DATA:
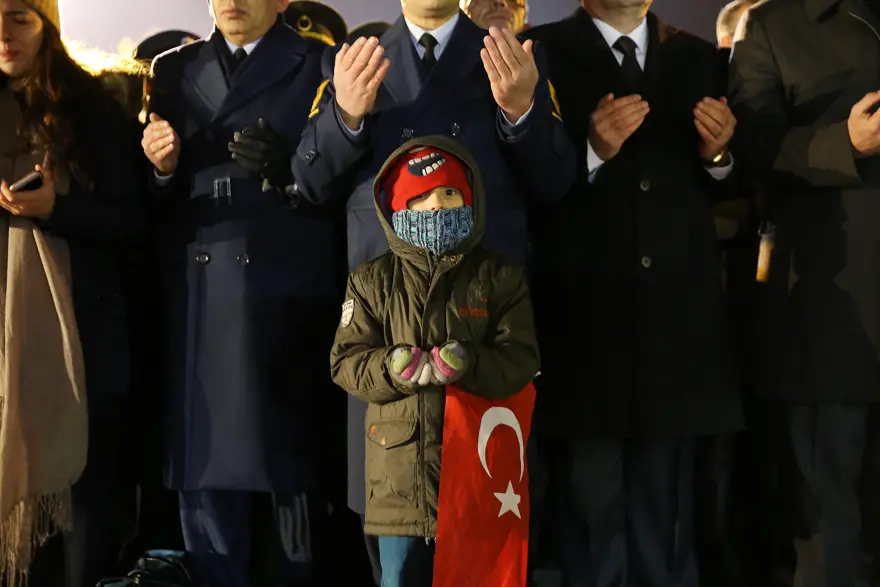 Çarşı iznine çıkan iki arkadaşın kaderi aynı oldu 13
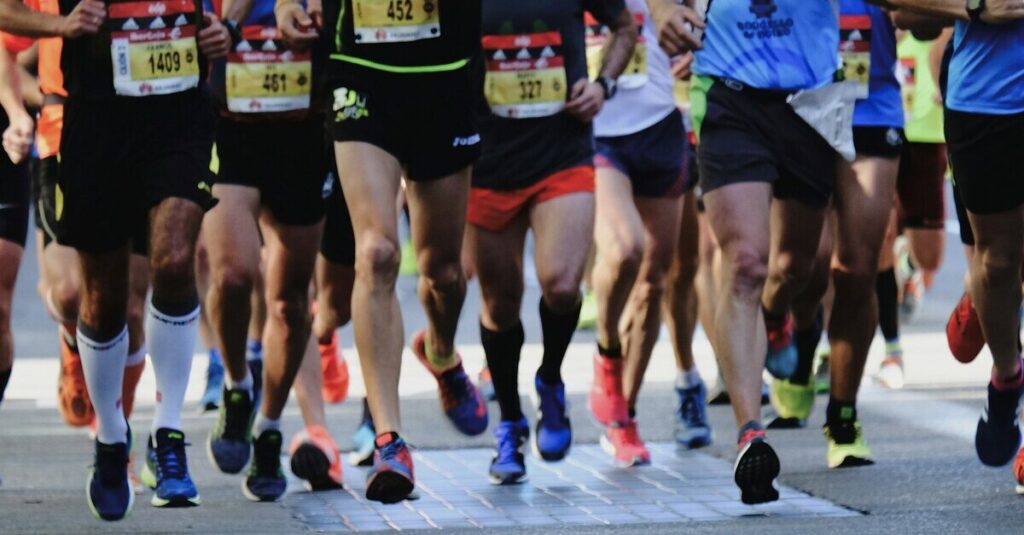 New York Marathon 2026, ecco i big al via: Crippa e Aouani pronti a sfidare il mondo Le gambe dei maratoneti in corsa
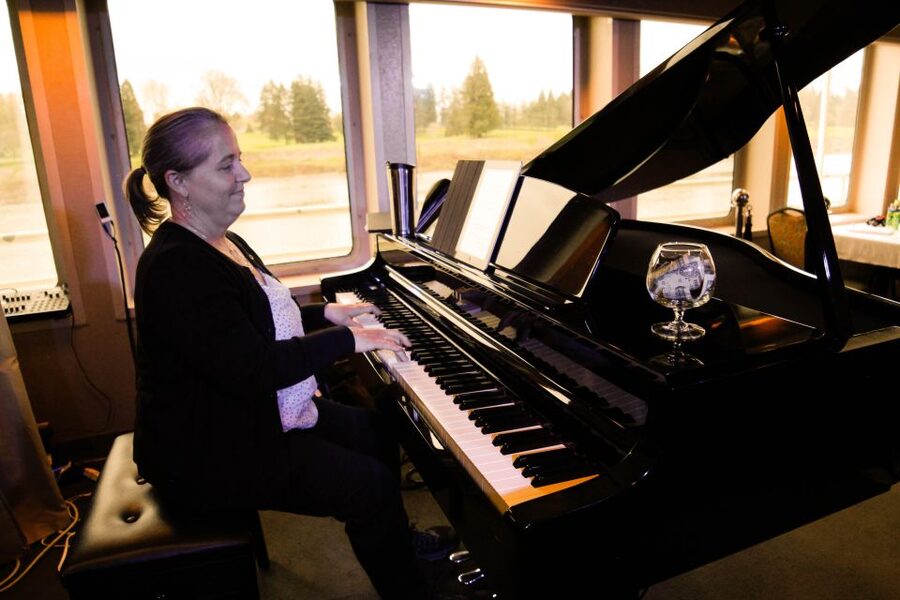 Portland: Dinner Cruise on the Willamette River - Live Piano Music While Portland Passes By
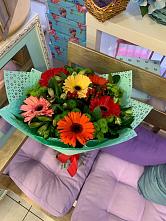 Букет цветов из:  Герберы, Хризантемы и Альстромерии #REPLACE_PRED# Небуге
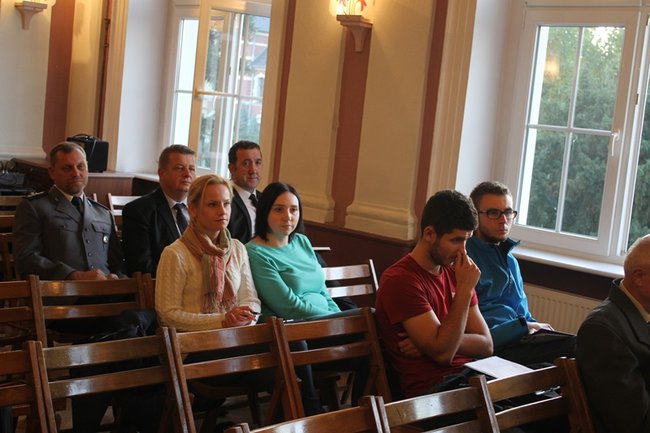 Tłumaczyli się przed mieszkańcami - zdjęcia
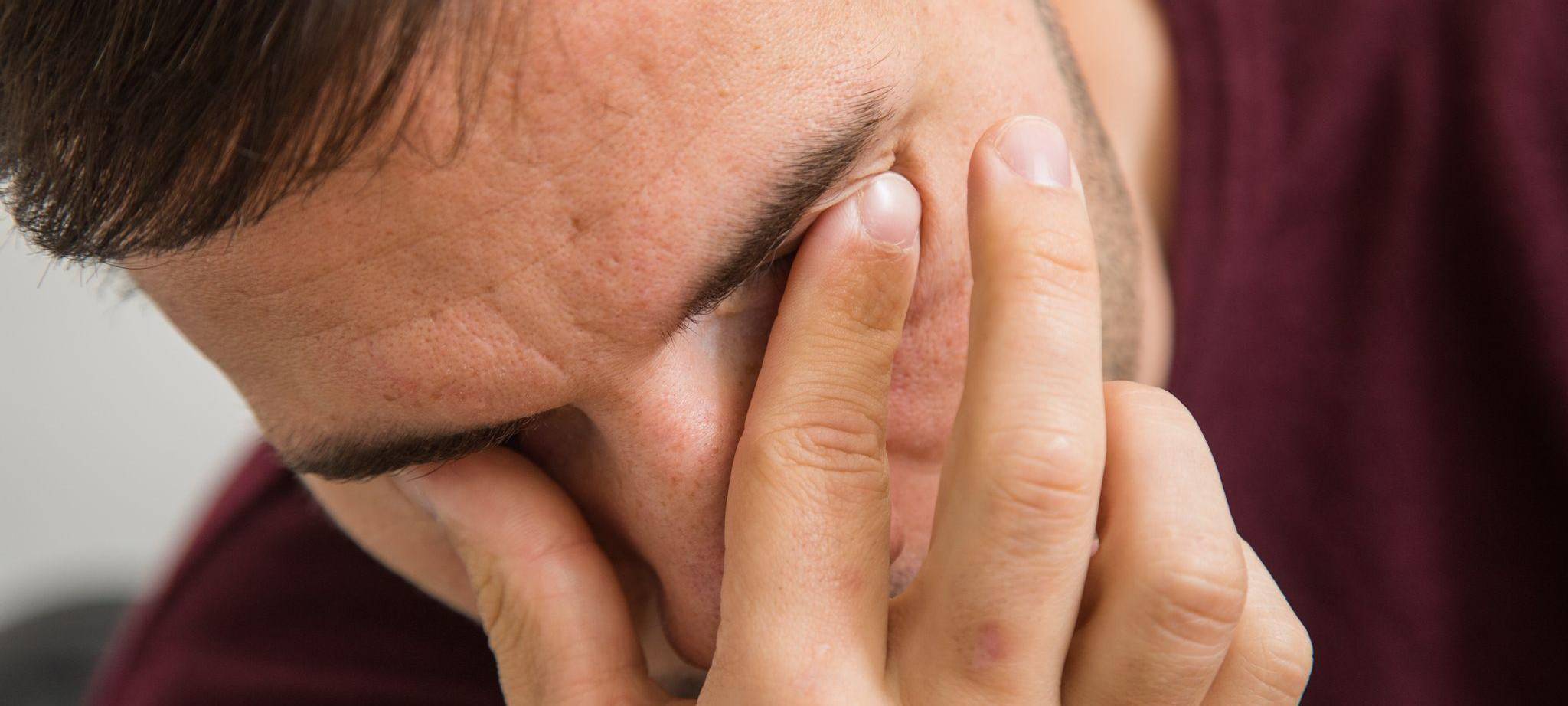 Ein Mann reibt sich die Augen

EXERCISE:
In the answer, all of the material should appear exactly as given, with no picture carried over.

EXERCISE RESPONSE:
 Çarşı iznine çıkan iki arkadaşın kaderi aynı oldu 13
 New York Marathon 2026, ecco i big al via: Crippa e Aouani pronti a sfidare il mondo Le gambe dei maratoneti in corsa
 Portland: Dinner Cruise on the Willamette River - Live Piano Music While Portland Passes By
 Букет цветов из:  Герберы, Хризантемы и Альстромерии #REPLACE_PRED# Небуге
 Tłumaczyli się przed mieszkańcami - zdjęcia
 Ein Mann reibt sich die Augen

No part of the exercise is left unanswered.